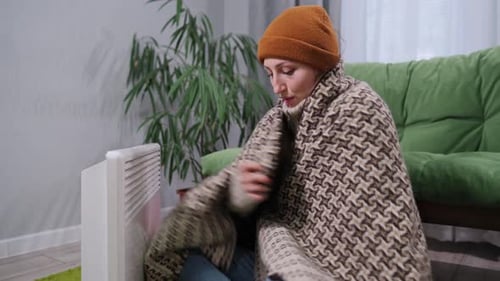 Freezing Woman Warming Hands by Space Heater Indoors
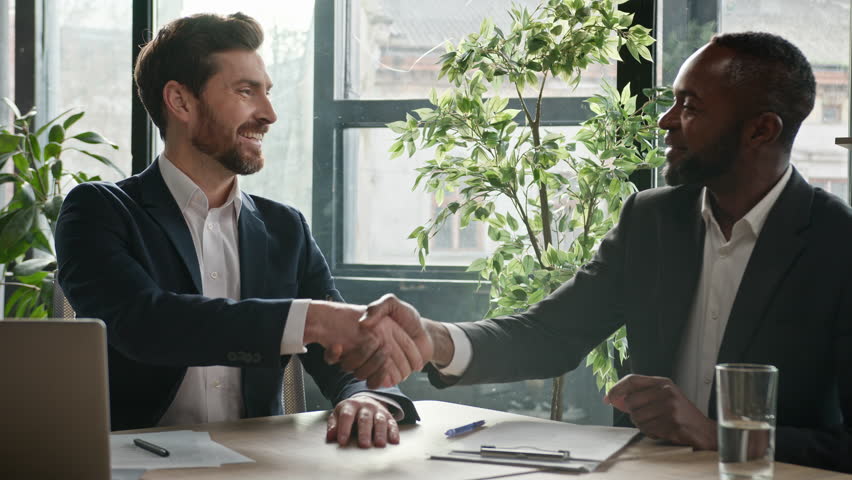 Two successful diverse businessmen sit at office desk with laptop happy shake hands. Caucasian man salesman manager handshake satisfied African American client customer investor at business meeting Royalty-Free Stock Footage #1100187039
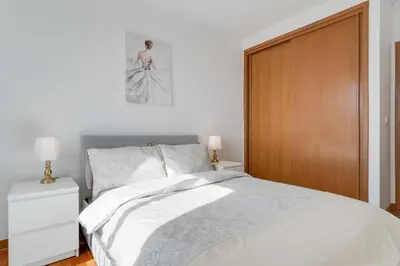a bedroom with a white bed and a wooden door at Camara de Lobos Apt by Holiday Rental Madeira in Câmara de Lobos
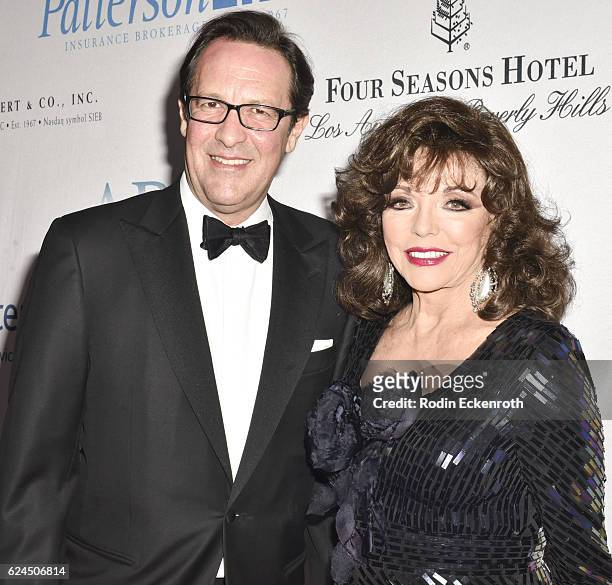 Dame Joan Collins and Percy Gibson attend Talk Of The Town Gala 2016 at The Beverly Hilton Hotel on November 19, 2016 in Beverly Hills, California.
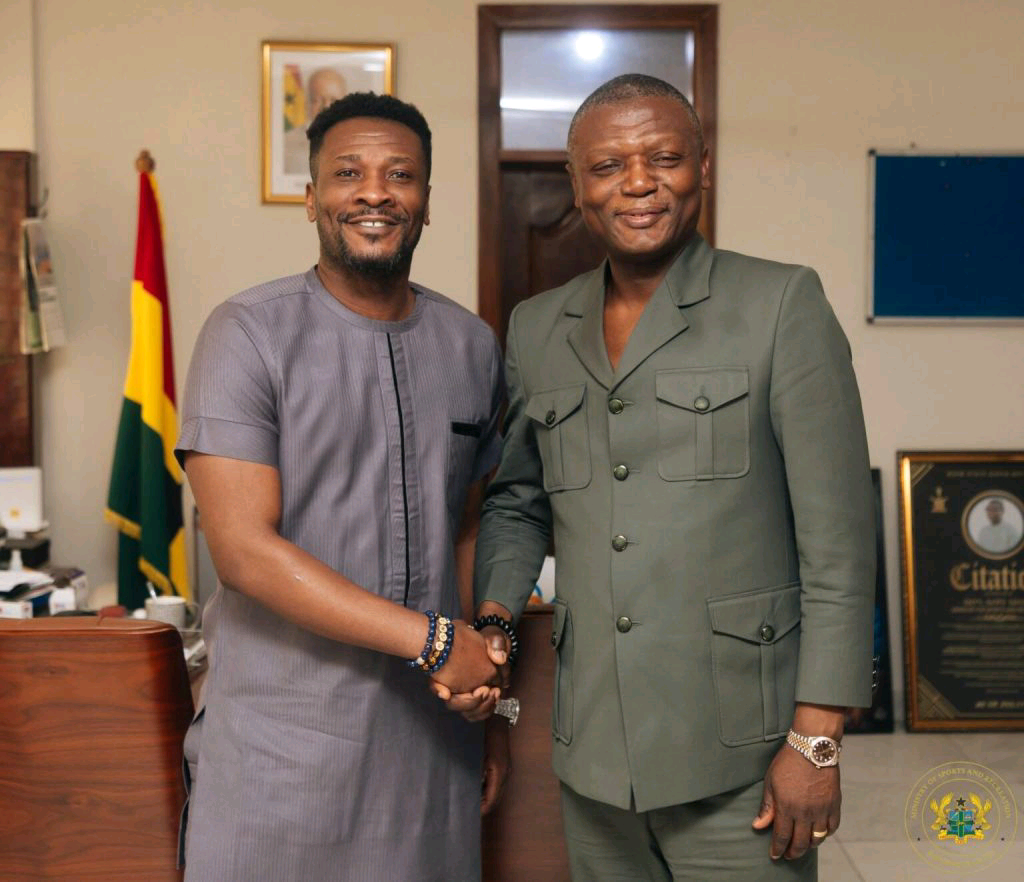 Kofi Adams engages Asamoah Gyan on grassroots football development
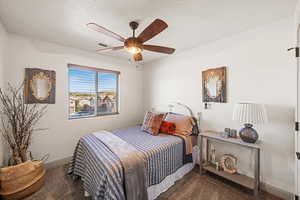 Carpeted bedroom with ceiling fan and a textured ceiling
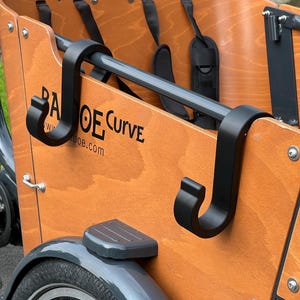May include: Close-up of a wooden cargo bike with black metal accents. The bike features a wooden cargo box with the text "BA OE Curve" printed on the side. Black hooks and a gray metal bar are visible.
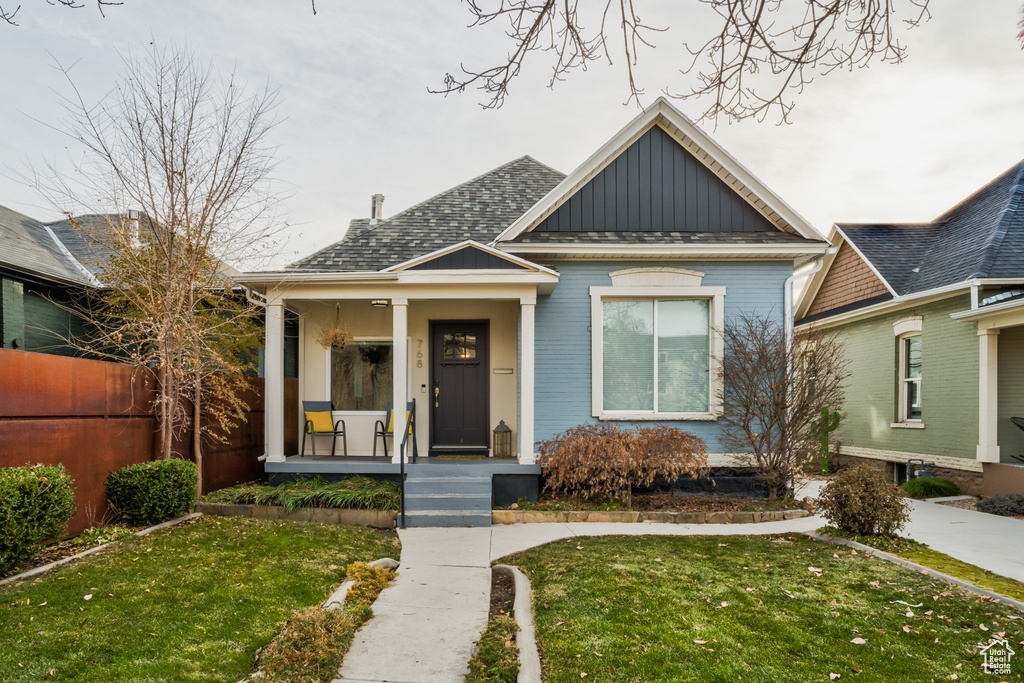 Bungalow-style home with board and batten siding and a porch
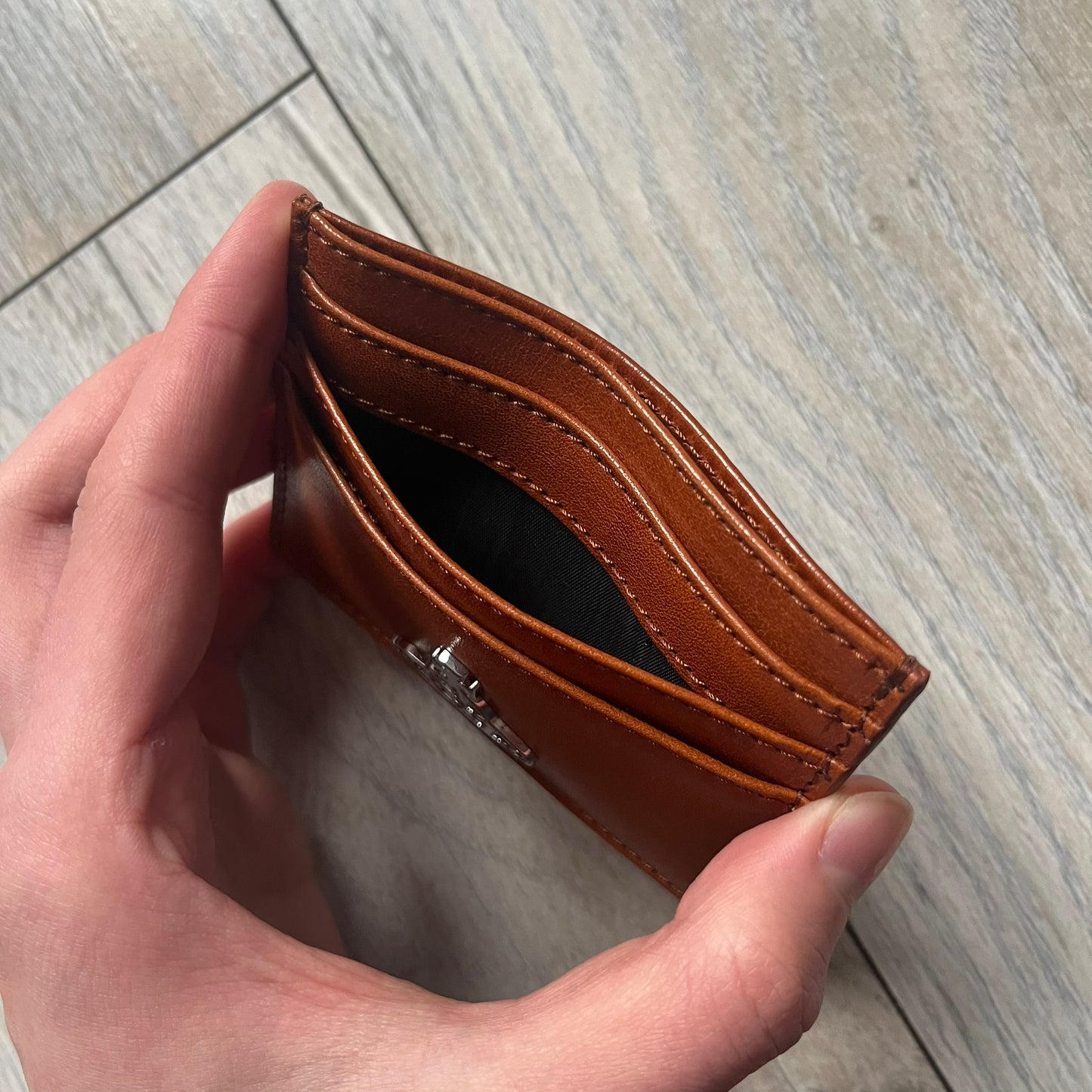 Vivienne Westwood Brown Flat Card Holder is crafted from buffed leather in a camel brown tone with logo hardware at the front. It features four card slots, a central note compartment, black twill lining, and an interior leather Vivienne Westwood tab with a material tag. Made in Italy, the card holder comes with the original box and tags. 252314M163098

- - -

- _TASK GOAL_: The reply must match the records exactly, apart from the pictures, which are left out.

- _ANSWER TO THIS TASK_:
 Freezing Woman Warming Hands by Space Heater Indoors
 Two successful diverse businessmen sit at office desk with laptop happy shake hands. Caucasian man salesman manager handshake satisfied African American client customer investor at business meeting Royalty-Free Stock Footage #1100187039
a bedroom with a white bed and a wooden door at Camara de Lobos Apt by Holiday Rental Madeira in Câmara de Lobos
 Dame Joan Collins and Percy Gibson attend Talk Of The Town Gala 2016 at The Beverly Hilton Hotel on November 19, 2016 in Beverly Hills, California.
 Kofi Adams engages Asamoah Gyan on grassroots football development
 Carpeted bedroom with ceiling fan and a textured ceiling
May include: Close-up of a wooden cargo bike with black metal accents. The bike features a wooden cargo box with the text "BA OE Curve" printed on the side. Black hooks and a gray metal bar are visible.
 Bungalow-style home with board and batten siding and a porch
 Vivienne Westwood Brown Flat Card Holder is crafted from buffed leather in a camel brown tone with logo hardware at the front. It features four card slots, a central note compartment, black twill lining, and an interior leather Vivienne Westwood tab with a material tag. Made in Italy, the card holder comes with the original box and tags. 252314M163098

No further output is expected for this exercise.